Hi everyone,
I’m working on a summarization project and am trying to accurately capture coreferences across multiple sentences to improve coherence in summary outputs. I need a way to group sentences that rely on each other (for instance if a second sentence must have the first one in order to make sense) example:
Jay joined the Tonight Show on September. he was on the show for 20 years or so.
so the second sentence (he was on the show for 20 years or so.) will not make sense on its own in extractive summary, i want to identify that it is strongly depends on the previous sentence and group them like this:
Jay joined the Tonight Show on September, he was on the show for 20 years or so.
(^^ i have replaced the . with a , to join those two sentences together before preprocessing, selecting most important sentences and summarizing)
What I’ve Tried So Far:
- Stanford CoreNLP: I used CoreNLP’s coreference system, but it seems to identify coreferences mainly within individual sentences and fails to link entities across sentences. I’ve experimented with various chunk sizes to no avail.
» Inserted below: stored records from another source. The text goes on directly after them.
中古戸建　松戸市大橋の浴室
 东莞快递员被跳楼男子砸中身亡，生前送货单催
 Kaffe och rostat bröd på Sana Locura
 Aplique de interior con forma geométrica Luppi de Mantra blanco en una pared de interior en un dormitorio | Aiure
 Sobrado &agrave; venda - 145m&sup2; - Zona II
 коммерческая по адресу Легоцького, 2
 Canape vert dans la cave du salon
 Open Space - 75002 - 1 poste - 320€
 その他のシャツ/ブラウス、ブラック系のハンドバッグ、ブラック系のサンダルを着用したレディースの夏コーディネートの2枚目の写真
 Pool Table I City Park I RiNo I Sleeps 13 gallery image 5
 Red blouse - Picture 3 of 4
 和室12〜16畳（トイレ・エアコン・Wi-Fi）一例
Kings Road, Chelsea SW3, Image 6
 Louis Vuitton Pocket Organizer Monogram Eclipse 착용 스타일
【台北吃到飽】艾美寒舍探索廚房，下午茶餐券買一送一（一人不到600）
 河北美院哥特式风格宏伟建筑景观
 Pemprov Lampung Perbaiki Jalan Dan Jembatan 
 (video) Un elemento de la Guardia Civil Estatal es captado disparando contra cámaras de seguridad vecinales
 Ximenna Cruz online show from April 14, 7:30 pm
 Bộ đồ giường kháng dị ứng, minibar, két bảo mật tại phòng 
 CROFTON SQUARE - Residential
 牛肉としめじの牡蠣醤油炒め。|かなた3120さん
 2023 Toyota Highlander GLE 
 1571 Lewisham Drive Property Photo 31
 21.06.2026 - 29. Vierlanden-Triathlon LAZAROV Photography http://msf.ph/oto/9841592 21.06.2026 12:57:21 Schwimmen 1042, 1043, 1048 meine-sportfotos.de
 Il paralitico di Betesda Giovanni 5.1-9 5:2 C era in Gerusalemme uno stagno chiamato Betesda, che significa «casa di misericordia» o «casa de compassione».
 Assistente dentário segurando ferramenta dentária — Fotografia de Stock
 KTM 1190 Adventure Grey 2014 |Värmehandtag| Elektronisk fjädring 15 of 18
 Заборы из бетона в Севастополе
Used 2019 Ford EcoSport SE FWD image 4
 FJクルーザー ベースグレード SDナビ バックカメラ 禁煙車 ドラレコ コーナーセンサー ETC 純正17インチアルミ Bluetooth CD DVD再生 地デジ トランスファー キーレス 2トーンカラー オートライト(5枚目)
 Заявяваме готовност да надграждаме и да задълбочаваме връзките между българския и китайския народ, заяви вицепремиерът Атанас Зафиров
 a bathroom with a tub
- spaCy with neuralcoref: This had some success with single pronoun references, but it struggled with document-level coherence, especially with more complex coreference chains involving entity aliases or nested references.
- AllenNLP CorefPredictor: I attempted this as well, but the results were inconsistent, and it didn’t capture some key cross-sentence coreferences that were crucial for summary cohesion.
- Huggingface neuralcoref: this is so old and not updated that even the install on python 3.12+ is failing
My Setup:
- Python, mostly using Hugging Face Transformers.
- Willing to work with custom setups if needed, or explore pre-trained models specific to coreference if available on the Hub.
If anyone has experience with a reliable setup for coreference that works well with multi-sentence contexts, or if there’s a fine-tuned model you’d recommend, I’d really appreciate your insights!
Thank you in advance for any guidance or suggestions!